TMT-Based Quantitative Proteomic Analysis Reveals the Physiological Regulatory Networks of Embryo Dehydration Protection in Lotus (Nelumbo nucifera)

Lotus is an aquatic plant that is sensitive to water loss, but its seeds are longevous after seed embryo dehydration and maturation. The great difference between the responses of vegetative organs and seeds to dehydration is related to the special protective mechanism in embryos. In this study, tandem mass tags (TMT)-labeled proteomics and parallel reaction monitoring (PRM) technologies were used to obtain novel insights into the physiological regulatory networks during lotus seed dehydration process. Totally, 60,266 secondary spectra and 32,093 unique peptides were detected. A total of 5,477 proteins and 815 differentially expressed proteins (DEPs) were identified based on TMT data. Of these, 582 DEPs were continuously downregulated and 228 proteins were significantly up-regulated during the whole dehydration process. Bioinformatics and protein-protein interaction network analyses indicated that carbohydrate metabolism (including glycolysis/gluconeogenesis, galactose, starch and sucrose metabolism, pentose phosphate pathway, and cell wall organization), protein processing in ER, DNA repair, and antioxidative events had positive responses to lotus embryo dehydration.

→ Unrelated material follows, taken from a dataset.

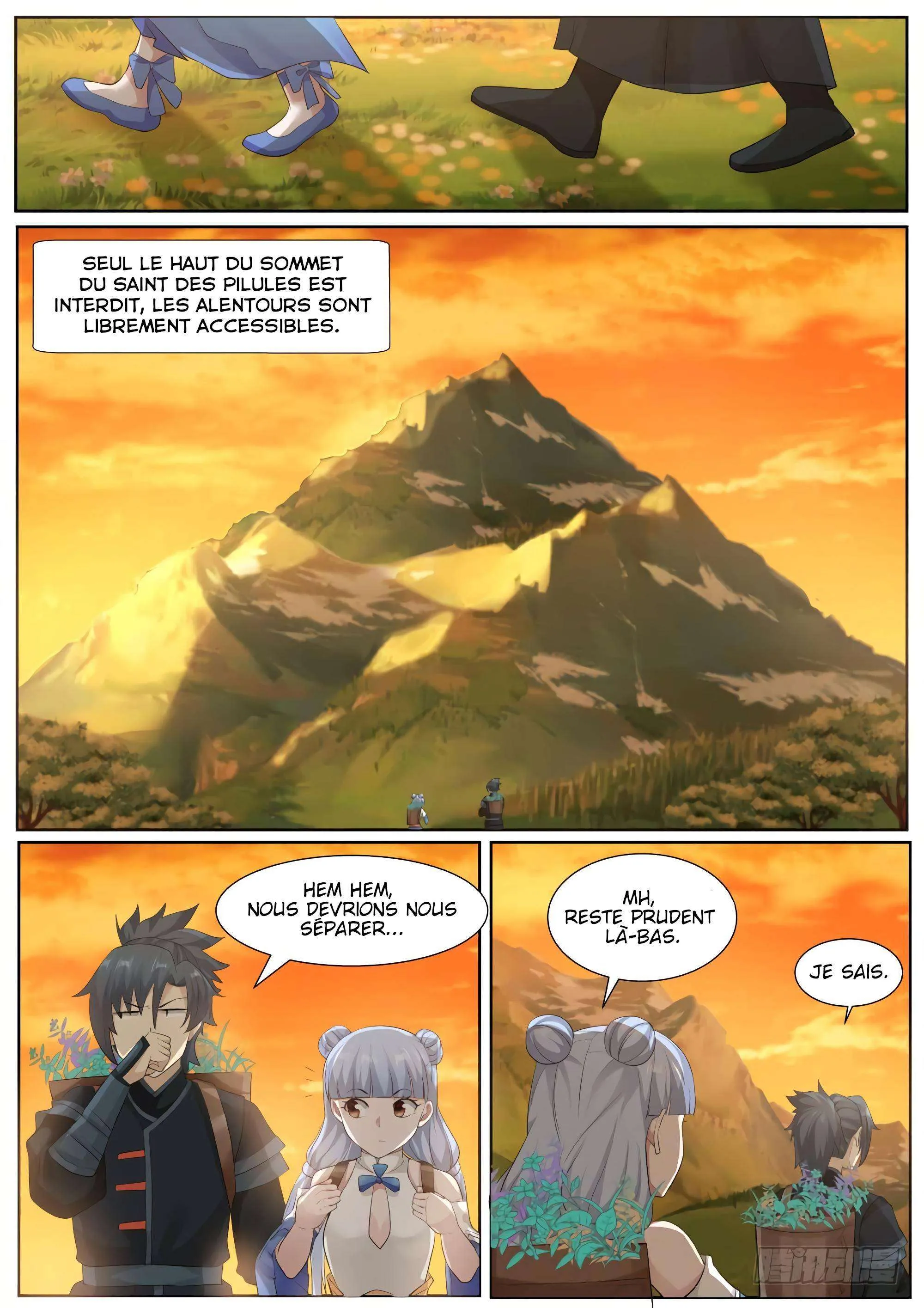 Martial Peak - 214 - 67b12e5e85f30.webp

On the contrary, energy metabolism (metabolic pathway, photosynthesis, pyruvate metabolism, fatty acid biosynthesis) and secondary metabolism (terpenoid backbone, steroid, flavonoid biosynthesis) gradually become static status during lotus embryo water loss and maturation. Furthermore, non-enzymatic antioxidants and pentose phosphate pathway play major roles in antioxidant protection during dehydration process in lotus embryo. Abscisic acid (ABA) signaling and the accumulation of oligosaccharides, late embryogenesis abundant proteins, and heat shock proteins may be the key factors to ensure the continuous dehydration and storage tolerance of lotus seed embryo. Stress physiology detection showed that H2O2 was the main reactive oxygen species (ROS) component inducing oxidative stress damage, and glutathione and vitamin E acted as the major antioxidant to maintain the REDOX balance of lotus embryo during the dehydration process. These results provide new insights to reveal the physiological regulatory networks of the protective mechanism of embryo dehydration in lotus.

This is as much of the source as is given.